1. Christy saw the bee buzz around a flower.
2. Mike felt the cool breeze on his arms.
3. He heard a fire engine.
4. She tasted the sweetness of the lollipop.
5. Kirk smelled popcorn on the breeze.
1. A bee buzzed around a flower. (If the story is in Christy’s point of view, the author doesn’t have to say, ‘Christy saw.’ We see what she sees.)
2. A cool breeze sent a shiver through Mike. (The same thing applies here. Show us what happens. Show us how Mike feels, not that he feels.)
3. A siren wailed.
4. The lollipop filled her mouth with a sweet cherry flavor.
5. The smell of popcorn drifted in the breeze. Kirk’s stomach growled. (I added that part about the growling stomach. I think I got hungry thinking about the yummy smelling popcorn. LOL)
The words you choose and the way you say them create meaning to your prose. They show the reader what your characters are like. Every word matters. Choose wisely.
4. Weak or Vague words/Concrete and Abstract
Using vague words make your writing weak. It sounds like you, the author, aren’t sure of what is going on in your own story. Ex:
Sarah was a little tired from cheerleading practice.

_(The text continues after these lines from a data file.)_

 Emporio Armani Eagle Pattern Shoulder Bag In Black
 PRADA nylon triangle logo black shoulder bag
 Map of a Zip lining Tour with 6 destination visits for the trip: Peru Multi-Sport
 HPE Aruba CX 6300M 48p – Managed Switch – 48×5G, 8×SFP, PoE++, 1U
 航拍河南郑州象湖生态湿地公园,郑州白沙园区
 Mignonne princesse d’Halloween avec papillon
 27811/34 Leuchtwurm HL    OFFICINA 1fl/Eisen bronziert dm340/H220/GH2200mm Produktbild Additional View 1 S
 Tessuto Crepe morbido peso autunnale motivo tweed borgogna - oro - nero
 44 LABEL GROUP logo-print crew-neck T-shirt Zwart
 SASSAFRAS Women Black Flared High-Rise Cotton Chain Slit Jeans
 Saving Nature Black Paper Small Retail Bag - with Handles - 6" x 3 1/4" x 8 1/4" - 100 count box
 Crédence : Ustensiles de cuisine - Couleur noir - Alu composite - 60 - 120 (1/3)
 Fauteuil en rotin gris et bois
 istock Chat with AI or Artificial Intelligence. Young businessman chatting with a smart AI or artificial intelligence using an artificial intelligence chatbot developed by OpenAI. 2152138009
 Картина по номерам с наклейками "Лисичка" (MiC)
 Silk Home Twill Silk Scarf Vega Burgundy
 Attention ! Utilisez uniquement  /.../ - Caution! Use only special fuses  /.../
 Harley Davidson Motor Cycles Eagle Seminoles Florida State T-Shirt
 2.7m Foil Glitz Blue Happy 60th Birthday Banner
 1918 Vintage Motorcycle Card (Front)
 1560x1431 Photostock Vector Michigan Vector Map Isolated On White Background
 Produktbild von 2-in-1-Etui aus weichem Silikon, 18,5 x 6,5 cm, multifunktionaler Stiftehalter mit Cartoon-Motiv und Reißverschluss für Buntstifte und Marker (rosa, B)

Mike ate some pizza and fell asleep watching Smallville.
Rachel’s hair was pretty.
What’s wrong with these sentences? They’re vague! Choose your words wisely, means to choose concrete words (very specific words) over abstract. So:
Sarah was exhausted from cheerleading practice.
Mike ate an entire pizza and fell asleep watching Smallville.
Rachel’s hair fell in black waves over her shoulders and down her back.
Well. That might have fixed the abstract words, but there is still some telling in those previous examples. ‘Sarah was exhausted from cheerleading practice,’ tells us exactly that. It doesn’t show it.
Better example: Sarah tossed her duffle bag and pompoms onto the floor. She trudged across her room and fell onto the bed, muscles aching. She awoke at the sound of her mother’s voice…
In all of these forms of telling, the reader is jolted from the story and into the narrators lap. Fiction these days needs to keep the reader immersed in the story, like they are watching a movie in their heads. This is the trick, and it’s a lot of work. If you can learn to do this, you will greatly improve your writing.
Don’t worry about telling for the first draft! Just write that story. Once it’s complete, go back and edit out all the telling.
If you’re working on a final draft, here is a list of words that often could be cut (the sentences reworded) to tighten your work and clean up the ‘telling.’
is, are, was, were, there, it, am, be, being, been, became, there, just, has, have, had, that, little, so, very, every, poor, much, some, remember, thought, felt, saw, heard, smelled, tasted, noticed, actually, basically, surely, perhaps, as, anyway, quite, really, soon, truly, however, almost, entire, though, about, everyone, everything, any ‘ly’ word.